Remember the days when getting a college degree was almost a guarantee you could get a job in your chosen major? These days? Not so much. Here is what The Center for College Affordability found:
• Nearly half of employed college graduates in the U.S. hold down jobs that don’t require a 4-year degree. There are approximately 330,000 waiters, 115,000 janitors and cleaners; and 83,000 bartenders.
• 11% percent of college grads are in occupations requiring more than a high school diploma but less than a bachelor’s degree.
• 37% of employed college graduates are in jobs requiring no more than a high school diploma.
• There are over 5 million college grads in jobs that don’t even require a high school education.
• 15% of cab drivers, 5% of retail sales clerks and 15% of firefighters had a bachelor’s degree in 2010 compared to 1% for each of those in 1970.
Why is this? It’s a simple supply and demand problem.
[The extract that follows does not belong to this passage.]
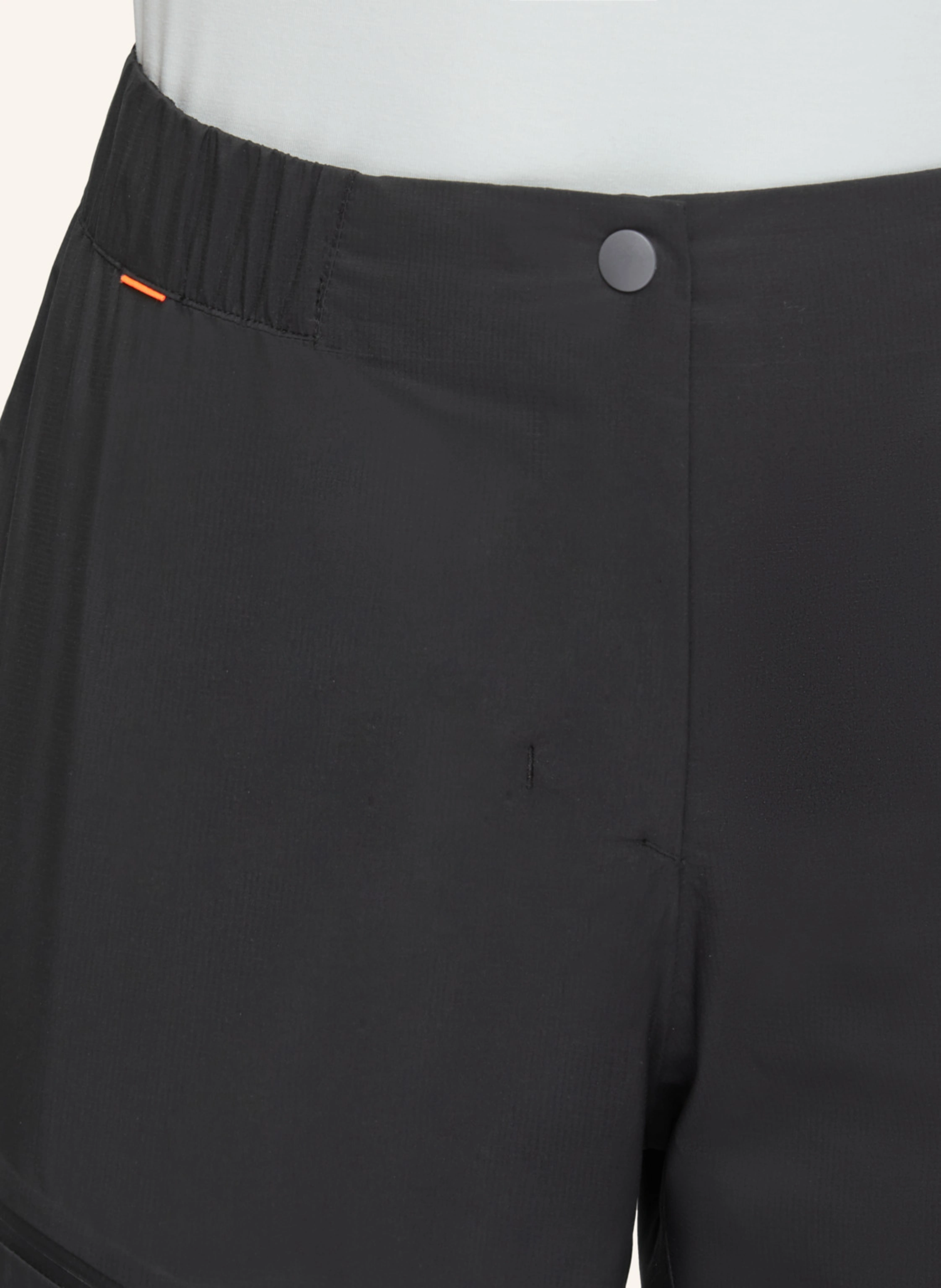 MAMMUT Hardshellhose ALTO LIGHT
Check out these statistics:
• U.S. Labor Department data from 2010 show that there were almost 42 million college grads in the workforce, while the number of jobs requiring a college degree was 28 million.
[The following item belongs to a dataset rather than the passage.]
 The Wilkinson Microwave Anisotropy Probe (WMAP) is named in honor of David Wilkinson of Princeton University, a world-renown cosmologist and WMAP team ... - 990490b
• The number of Americans who attained a bachelor’s degree grew 25% between 2002 to 2012. In the same period, associate’s degrees rose 31%, master’s degrees increased 4% and doctorates skyrocketed 43%.
• In 1970, about 10% of Americans over age 25 had a college degree. Today, that number is 30%.
What does all this mean? Your child, grandchild, or whoever, might want to research what types of jobs are out there for their intended college major before sinking thousands and thousands of dollars into a college education.